(What this task involves): Pick every line from the data that holds the word "Brass".

(Dataset excerpts):
▬▬▬▬▬▬▬▬▬▬
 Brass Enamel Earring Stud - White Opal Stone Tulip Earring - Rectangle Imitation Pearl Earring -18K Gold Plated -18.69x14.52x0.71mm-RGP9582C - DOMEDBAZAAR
▬▬▬▬▬▬▬▬▬▬
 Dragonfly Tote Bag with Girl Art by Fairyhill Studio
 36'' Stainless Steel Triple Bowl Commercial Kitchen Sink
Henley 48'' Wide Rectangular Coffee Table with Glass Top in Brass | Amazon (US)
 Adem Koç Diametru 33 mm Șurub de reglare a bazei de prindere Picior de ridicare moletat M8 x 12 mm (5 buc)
▬▬▬▬▬▬▬▬▬▬
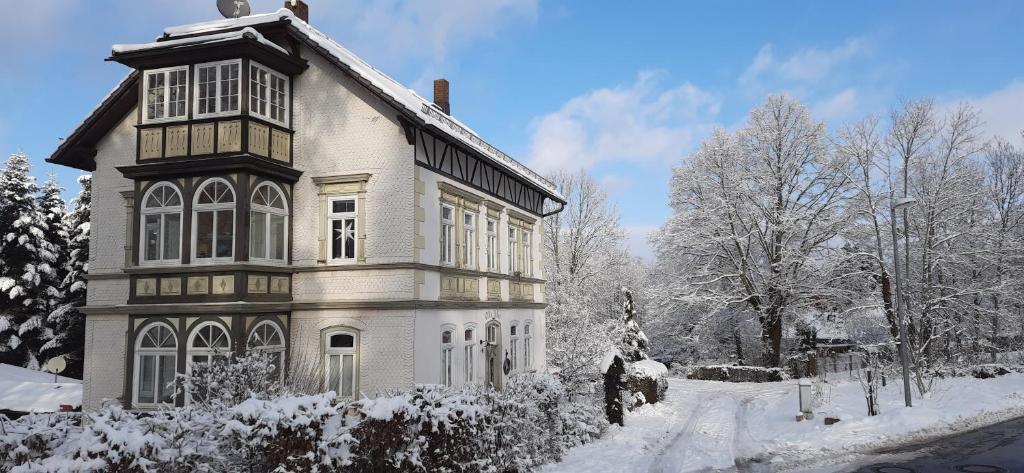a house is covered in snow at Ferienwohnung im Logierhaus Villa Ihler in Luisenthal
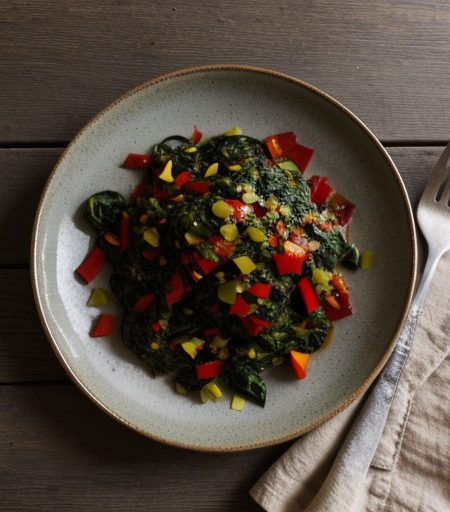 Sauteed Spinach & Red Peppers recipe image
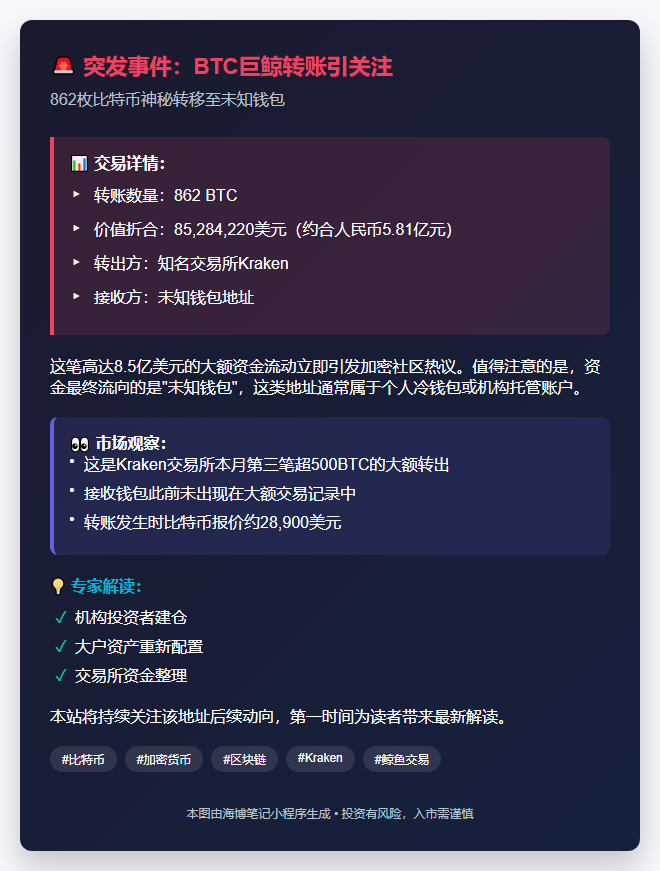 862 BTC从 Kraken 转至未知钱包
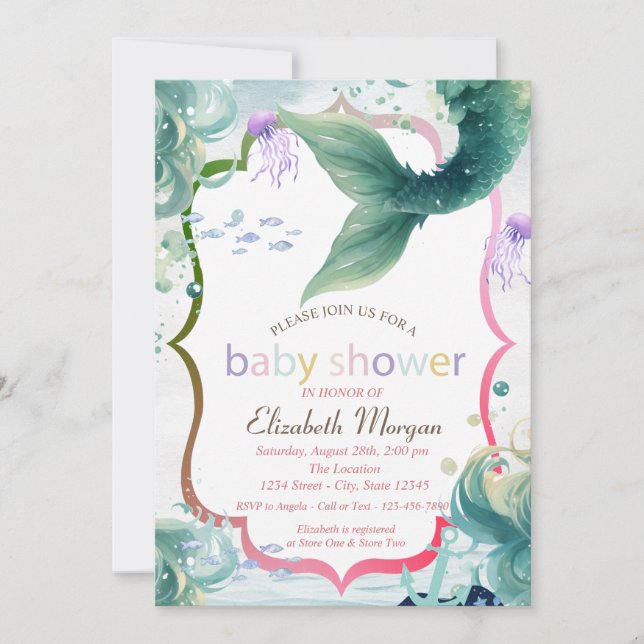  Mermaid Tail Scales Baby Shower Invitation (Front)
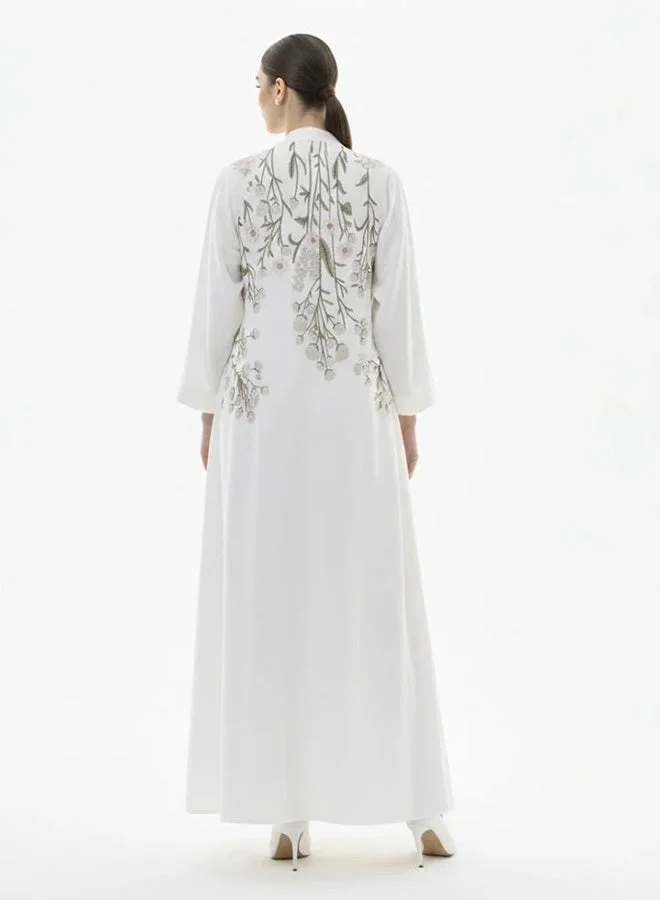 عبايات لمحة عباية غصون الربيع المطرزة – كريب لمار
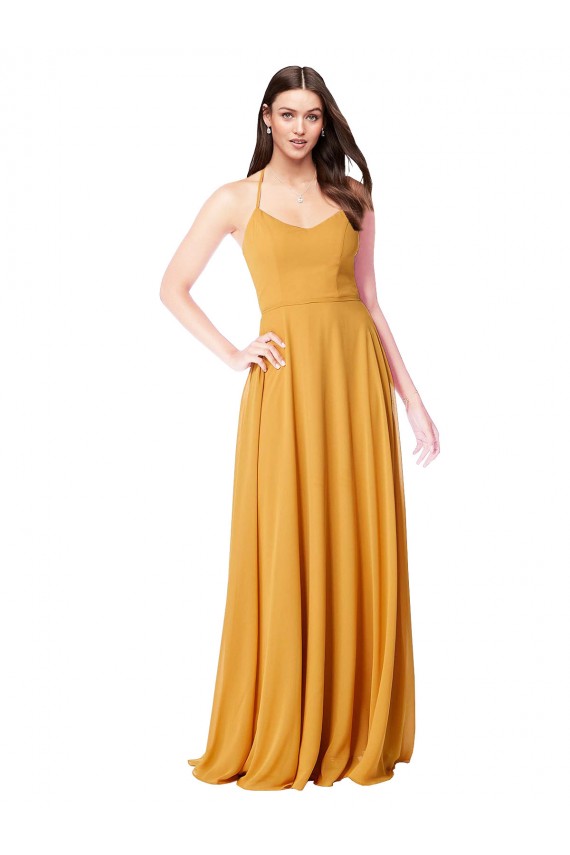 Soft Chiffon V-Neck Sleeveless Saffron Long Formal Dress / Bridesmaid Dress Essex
▬▬▬▬▬▬▬▬▬▬
(Task result):
 Brass Enamel Earring Stud - White Opal Stone Tulip Earring - Rectangle Imitation Pearl Earring -18K Gold Plated -18.69x14.52x0.71mm-RGP9582C - DOMEDBAZAAR
Henley 48'' Wide Rectangular Coffee Table with Glass Top in Brass | Amazon (US)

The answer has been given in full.